▸ Task to carry out: Please keep the pictures out and write out exactly the lines from the first in the data below through the one containing "Rompecabezas para Adultos 500", both included.

▸ Information:
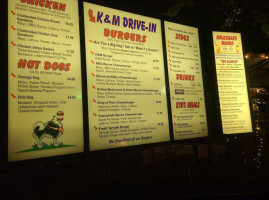 K M Drive-in menu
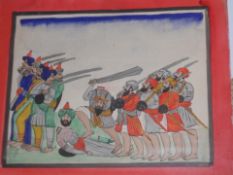 India – Punjab Sikh painting of Baba Deep Singh c1880. A rare painting of Baba Deep Singh fighting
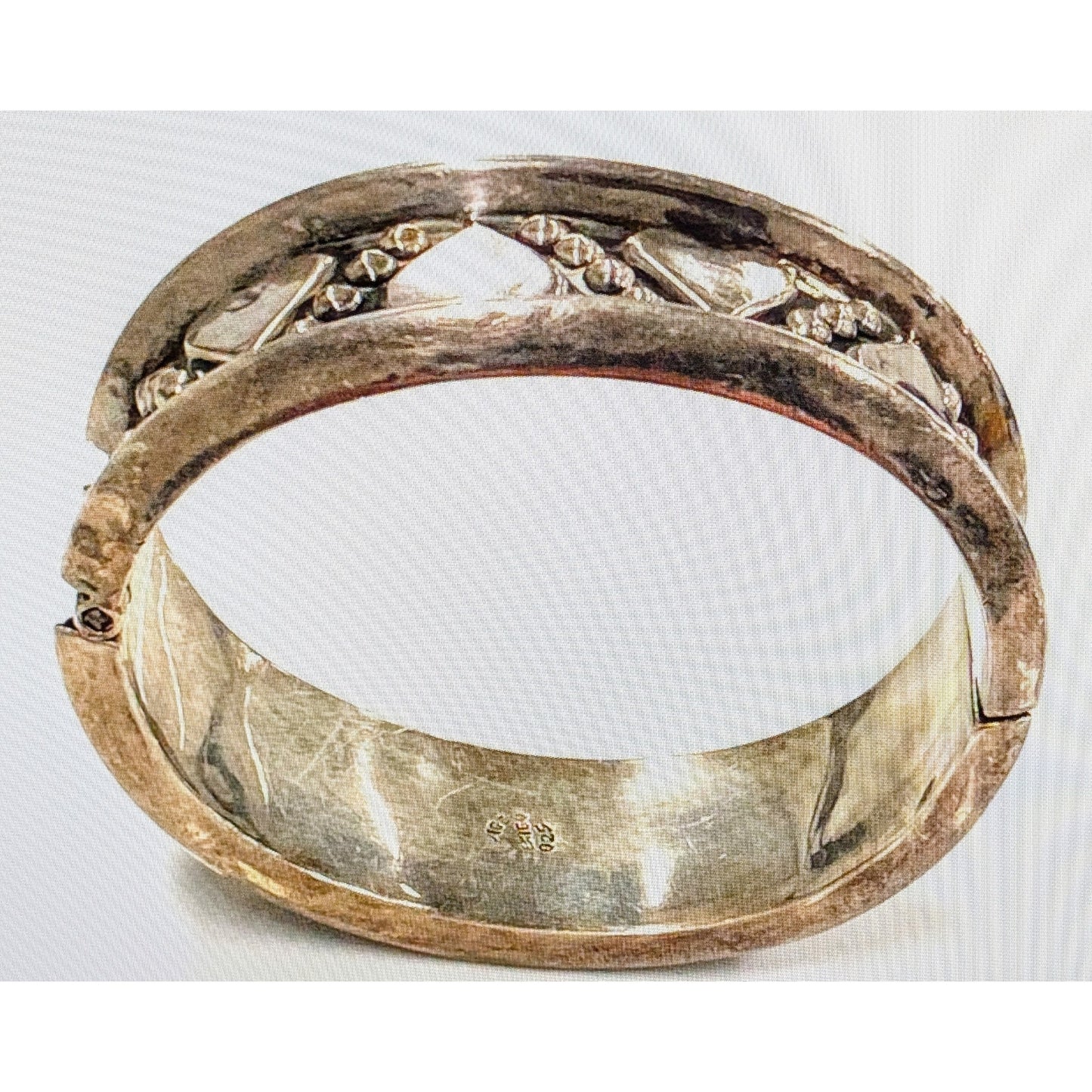 Taxco 925 Sterling Silver Mexico Wide Heart Hinge Bangle Bracelet Size 7.5"57.8g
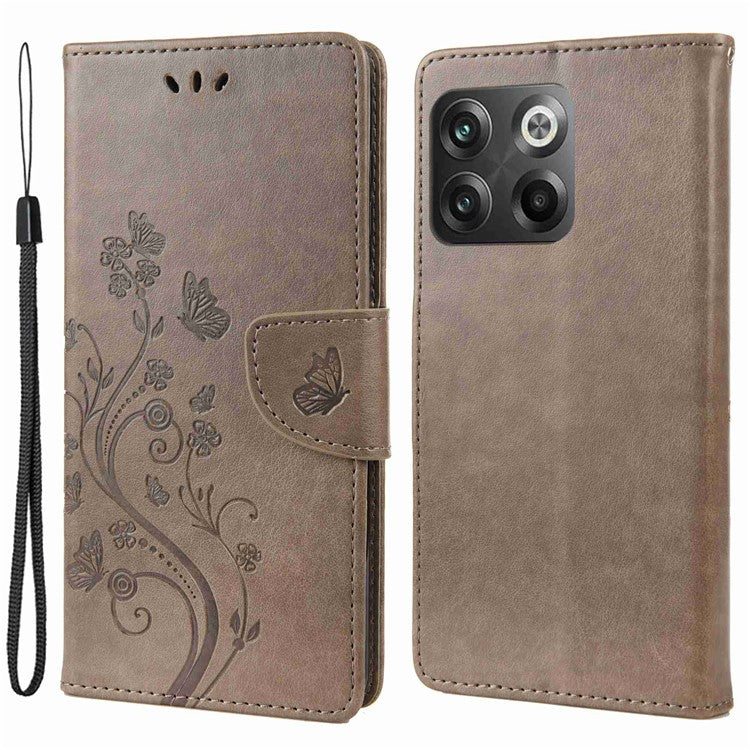 For OnePlus 10T 5G / Ace Pro 5G Wallet Stand PU Leather Imprinting Flower Butterflies Case Full Protection Inner TPU Phone Cover with Strap - Grey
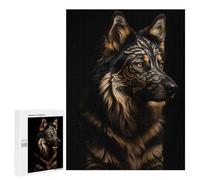 Rompecabezas para Adultos 500 PCS Wolf Gold Dark Animal Rompecabezas para Adultos Juegos Relajantes Mejora La Memoria Cumpleaños Y Navidad 500 PCS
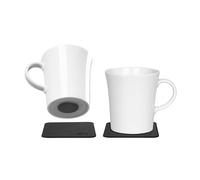 silwy® tazas de asa magnética de porcelana in lmohadillas de nano gel de metal NEGRO/juego de 2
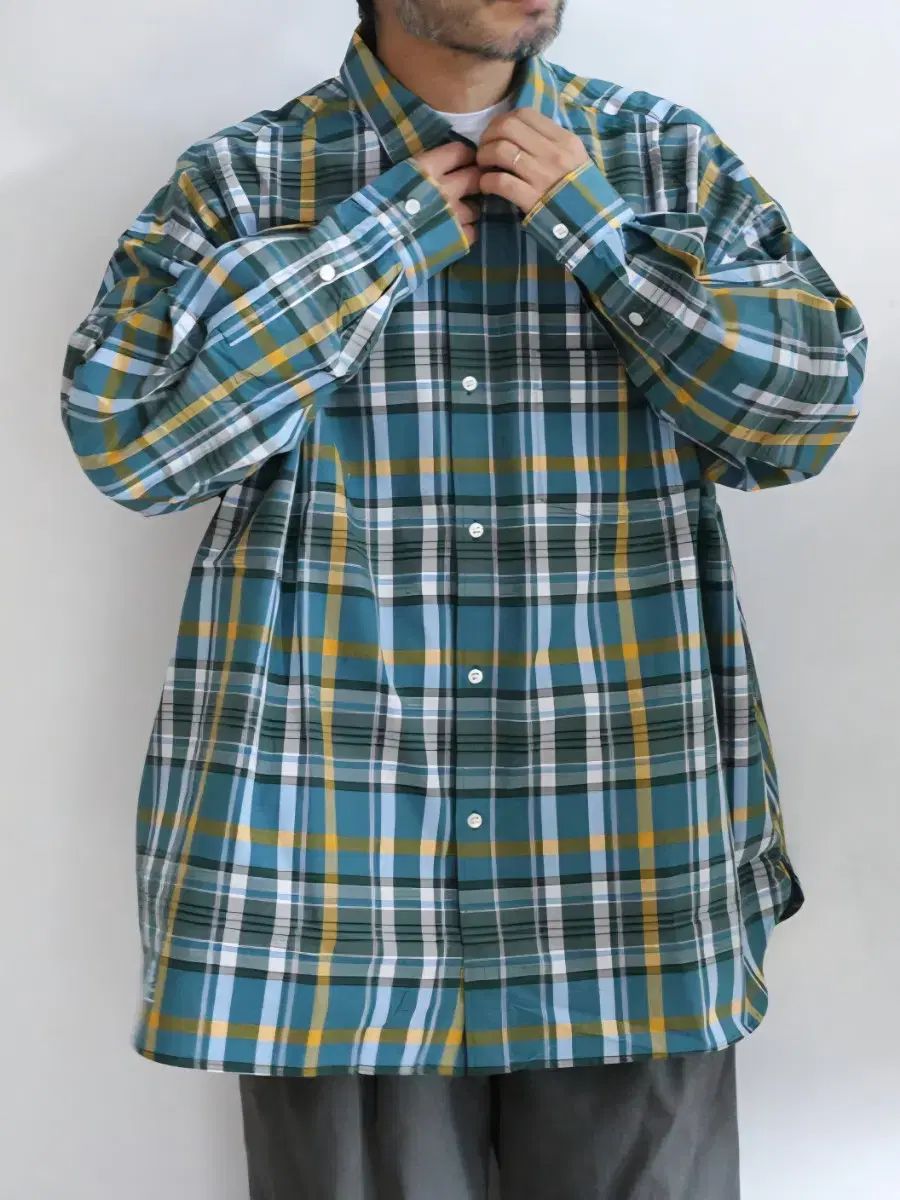 フレッシュサービス 企業 レギュラー シャツ チェック柄 緑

▸ Exercise result:
 K M Drive-in menu
 India – Punjab Sikh painting of Baba Deep Singh c1880. A rare painting of Baba Deep Singh fighting
 Taxco 925 Sterling Silver Mexico Wide Heart Hinge Bangle Bracelet Size 7.5"57.8g
 For OnePlus 10T 5G / Ace Pro 5G Wallet Stand PU Leather Imprinting Flower Butterflies Case Full Protection Inner TPU Phone Cover with Strap - Grey
 Rompecabezas para Adultos 500 PCS Wolf Gold Dark Animal Rompecabezas para Adultos Juegos Relajantes Mejora La Memoria Cumpleaños Y Navidad 500 PCS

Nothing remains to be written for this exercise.